Videos typically have more impact on an audience because it is believed that they are harder to fake than photographs. They also look more convincing than a text read out on behalf of a politician. This is no problem for modern technologies, however. In April 2018, a video was made public called ObamaPeele after the people involved. The video showed Barak Obama giving a rather strange speech, but the text was actually being read by an unseen actor. A special programme had processed what the actor was saying in such a way that Obama’s facial gestures were fully consistent with what was being said. Computer technology experts at Washington University conducted a similar experiment with a Barack Obama speech in 2017 and made the results publicly available with a detailed description of how it works.

YouTuber ‘derpfakes‘ trained the AI image swap tool to create a composite of Trump’s face, over Baldwin’s speech and mannerisms.

 

The DARPA project used so-called “deepfakes” – videos in which the face of one person has been superimposed onto the body of another.
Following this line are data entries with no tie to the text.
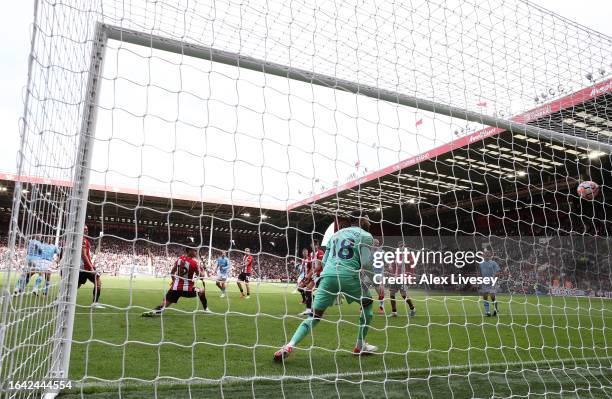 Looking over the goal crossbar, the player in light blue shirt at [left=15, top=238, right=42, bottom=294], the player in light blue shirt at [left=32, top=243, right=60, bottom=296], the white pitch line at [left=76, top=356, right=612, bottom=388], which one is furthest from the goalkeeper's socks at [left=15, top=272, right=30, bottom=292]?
the goal crossbar

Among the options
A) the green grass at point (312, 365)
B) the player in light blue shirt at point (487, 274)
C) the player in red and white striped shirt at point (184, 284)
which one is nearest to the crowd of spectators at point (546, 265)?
the player in light blue shirt at point (487, 274)

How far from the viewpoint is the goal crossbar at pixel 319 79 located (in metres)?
3.05

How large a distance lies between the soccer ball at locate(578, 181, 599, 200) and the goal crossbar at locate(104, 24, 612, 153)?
5.34 feet

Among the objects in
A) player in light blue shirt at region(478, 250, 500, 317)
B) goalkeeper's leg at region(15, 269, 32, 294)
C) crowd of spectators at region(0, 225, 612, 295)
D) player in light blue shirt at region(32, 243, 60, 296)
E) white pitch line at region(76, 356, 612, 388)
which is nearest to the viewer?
goalkeeper's leg at region(15, 269, 32, 294)

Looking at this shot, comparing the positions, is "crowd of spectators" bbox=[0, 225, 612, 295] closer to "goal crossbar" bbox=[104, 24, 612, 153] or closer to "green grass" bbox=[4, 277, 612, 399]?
"green grass" bbox=[4, 277, 612, 399]

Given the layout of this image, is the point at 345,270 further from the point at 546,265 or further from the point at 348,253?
the point at 546,265

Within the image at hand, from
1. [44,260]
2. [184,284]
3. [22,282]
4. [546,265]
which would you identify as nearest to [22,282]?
[22,282]

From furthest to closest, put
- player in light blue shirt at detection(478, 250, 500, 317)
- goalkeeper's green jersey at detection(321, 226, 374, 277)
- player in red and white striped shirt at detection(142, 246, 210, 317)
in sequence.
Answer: player in light blue shirt at detection(478, 250, 500, 317), player in red and white striped shirt at detection(142, 246, 210, 317), goalkeeper's green jersey at detection(321, 226, 374, 277)

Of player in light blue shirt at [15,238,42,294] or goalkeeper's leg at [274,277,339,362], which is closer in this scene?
player in light blue shirt at [15,238,42,294]

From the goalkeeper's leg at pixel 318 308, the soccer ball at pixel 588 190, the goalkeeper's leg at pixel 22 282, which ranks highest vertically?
the soccer ball at pixel 588 190

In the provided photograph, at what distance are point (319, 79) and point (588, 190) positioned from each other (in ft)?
15.9

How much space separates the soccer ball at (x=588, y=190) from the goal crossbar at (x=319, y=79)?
1.63 meters

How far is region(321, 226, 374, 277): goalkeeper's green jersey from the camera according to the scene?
3.96m

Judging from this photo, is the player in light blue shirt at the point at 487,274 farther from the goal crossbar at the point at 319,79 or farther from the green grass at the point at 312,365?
the goal crossbar at the point at 319,79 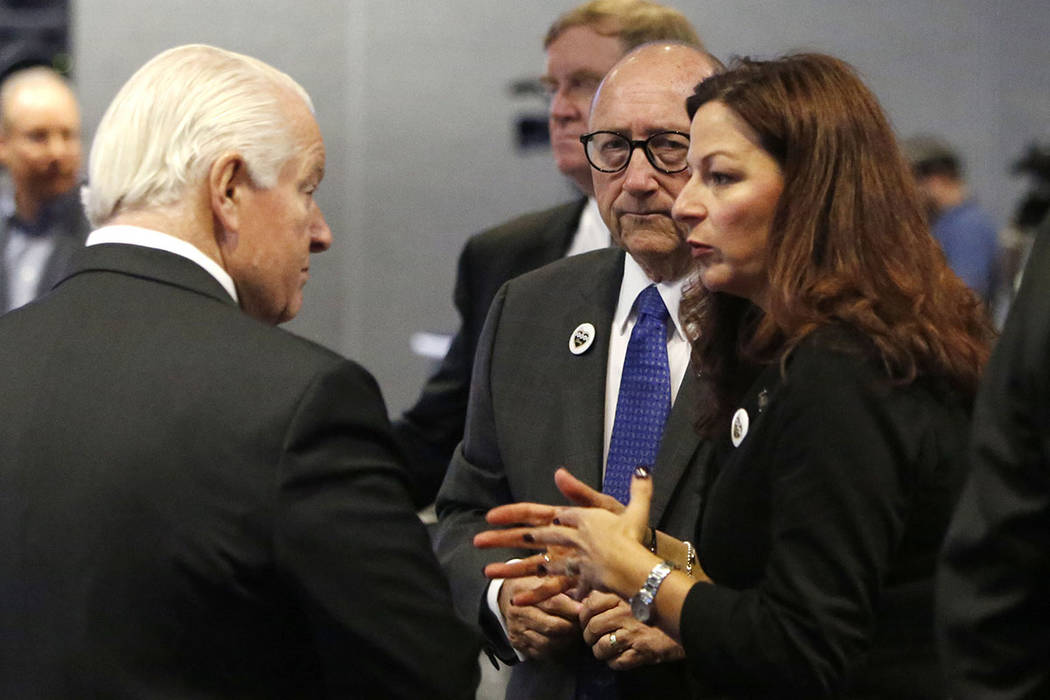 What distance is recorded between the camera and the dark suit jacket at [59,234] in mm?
3949

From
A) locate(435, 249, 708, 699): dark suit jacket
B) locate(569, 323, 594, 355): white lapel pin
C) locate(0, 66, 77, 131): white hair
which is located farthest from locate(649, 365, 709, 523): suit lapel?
locate(0, 66, 77, 131): white hair

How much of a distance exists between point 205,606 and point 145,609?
61 millimetres

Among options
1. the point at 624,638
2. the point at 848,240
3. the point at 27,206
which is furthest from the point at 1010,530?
Answer: the point at 27,206

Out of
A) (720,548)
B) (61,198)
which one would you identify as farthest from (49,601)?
(61,198)

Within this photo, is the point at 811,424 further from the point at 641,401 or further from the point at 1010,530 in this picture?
the point at 641,401

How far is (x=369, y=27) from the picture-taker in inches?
234

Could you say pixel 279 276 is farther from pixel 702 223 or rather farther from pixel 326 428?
pixel 702 223

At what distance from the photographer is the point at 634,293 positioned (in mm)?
2133

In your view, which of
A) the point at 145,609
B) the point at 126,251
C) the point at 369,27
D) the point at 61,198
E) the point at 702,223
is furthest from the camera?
the point at 369,27

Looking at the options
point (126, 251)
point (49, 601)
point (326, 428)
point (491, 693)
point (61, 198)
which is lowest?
point (491, 693)

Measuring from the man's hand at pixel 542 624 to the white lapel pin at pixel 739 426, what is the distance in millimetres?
374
Experts note that technology like this has already been used to create several fake celebrity porno videos, but the method could also be used to create videos of politicians talking or doing something outrageous and unacceptable.

Technologists at DARPA are particularly concerned that new AI techniques for creating fake videos make it almost impossible for them to be recognised automatically. Using so-called generative adversarial networks or GAN, it is possible to create realistic artificial images. Experts at DARPA are evidently concerned that this technology may be used by someone else, since, if the US loses its monopoly on the creation, verification and distribution of fake material, it will find itself facing the same problems it has been preparing for other countries.

And while scientists in military uniforms are racking their brains over how to get ahead of other countries in such a specific information arms race, their civilian colleagues are already calling the trend “an information apocalypse” and “disinformation on steroids”.